-- SOURCE INFORMATION --

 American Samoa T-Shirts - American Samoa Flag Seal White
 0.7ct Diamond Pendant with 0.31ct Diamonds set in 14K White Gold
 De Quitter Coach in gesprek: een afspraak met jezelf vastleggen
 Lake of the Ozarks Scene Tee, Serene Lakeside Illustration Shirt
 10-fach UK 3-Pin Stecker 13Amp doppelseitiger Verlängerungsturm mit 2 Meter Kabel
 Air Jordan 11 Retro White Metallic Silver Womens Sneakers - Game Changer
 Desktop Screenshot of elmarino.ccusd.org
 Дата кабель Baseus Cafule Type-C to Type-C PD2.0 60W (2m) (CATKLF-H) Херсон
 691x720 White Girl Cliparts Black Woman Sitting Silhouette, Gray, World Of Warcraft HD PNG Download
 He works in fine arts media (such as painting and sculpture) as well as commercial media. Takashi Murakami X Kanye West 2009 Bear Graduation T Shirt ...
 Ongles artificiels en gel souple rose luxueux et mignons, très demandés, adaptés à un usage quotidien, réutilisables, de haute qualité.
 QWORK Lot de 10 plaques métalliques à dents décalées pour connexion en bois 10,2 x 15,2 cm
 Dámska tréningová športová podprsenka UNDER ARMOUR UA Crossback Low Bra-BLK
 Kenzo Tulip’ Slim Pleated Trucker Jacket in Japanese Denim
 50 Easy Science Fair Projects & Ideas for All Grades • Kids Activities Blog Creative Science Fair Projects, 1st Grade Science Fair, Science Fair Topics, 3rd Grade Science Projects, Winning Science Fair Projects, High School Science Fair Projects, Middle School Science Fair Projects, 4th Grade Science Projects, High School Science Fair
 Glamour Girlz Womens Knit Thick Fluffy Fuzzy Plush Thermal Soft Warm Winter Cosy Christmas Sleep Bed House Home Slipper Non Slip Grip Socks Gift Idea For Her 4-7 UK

-- REQUIREMENT --
From the records above, pull out every line containing the word "Womens".

-- RESPONSE AREA --
 Air Jordan 11 Retro White Metallic Silver Womens Sneakers - Game Changer
 Glamour Girlz Womens Knit Thick Fluffy Fuzzy Plush Thermal Soft Warm Winter Cosy Christmas Sleep Bed House Home Slipper Non Slip Grip Socks Gift Idea For Her 4-7 UK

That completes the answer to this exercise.